In some embodiments the apparatus further comprises at least one further roller mechanism. For example a single, retractable swivel castor may be provided along with two fixed wheels. In this configuration the swivel castor (when extended) in combination with the fixed wheels allows the platform to be manoeuvred easily in multiple directions with a small turning circle.

In preferred embodiments the platform is entirely supported on the at least one roller mechanism when it is in the extended state. In some such embodiments the at least one roller mechanism comprises a plurality of roller mechanisms (such as swivel castors), providing stability as well as a high level of manoeuvrability.
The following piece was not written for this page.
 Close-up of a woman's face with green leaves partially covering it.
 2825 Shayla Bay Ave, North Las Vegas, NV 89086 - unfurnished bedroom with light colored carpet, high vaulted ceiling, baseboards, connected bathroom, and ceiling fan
Preferably the at least one roller mechanism comprises four swivel castors arranged in a rectangular configuration. This arrangement provides a good balance between stability, manoeuvrability and cost.

In preferred embodiments, the apparatus is constructed at least partially from sheet metal (e.g. 1.5 mm or 3 mm galvanised steel), which provides strength and resilience while enabling the weight and size of the apparatus to be minimised. This enables the apparatus to satisfy size and/or weight restrictions, for example those applicable in an aircraft cargo hold.

In some embodiments, the platform is arranged such that it assumes a lower position when the at least one roller mechanism is in the retracted state. When the platform is in the lower position an aircraft wheel may be loaded simply by tipping the wheel from a vertical position onto the platform, avoiding the need for a user (or users) to lift the entire weight of the wheel when transporting it. This can make the transportation process easier, safer and faster, particularly in embodiments where the apparatus assumes a “parked” or braked state when the at least one roller mechanism is in the retracted state, as the wheel may be loaded without any risk of the apparatus rolling away.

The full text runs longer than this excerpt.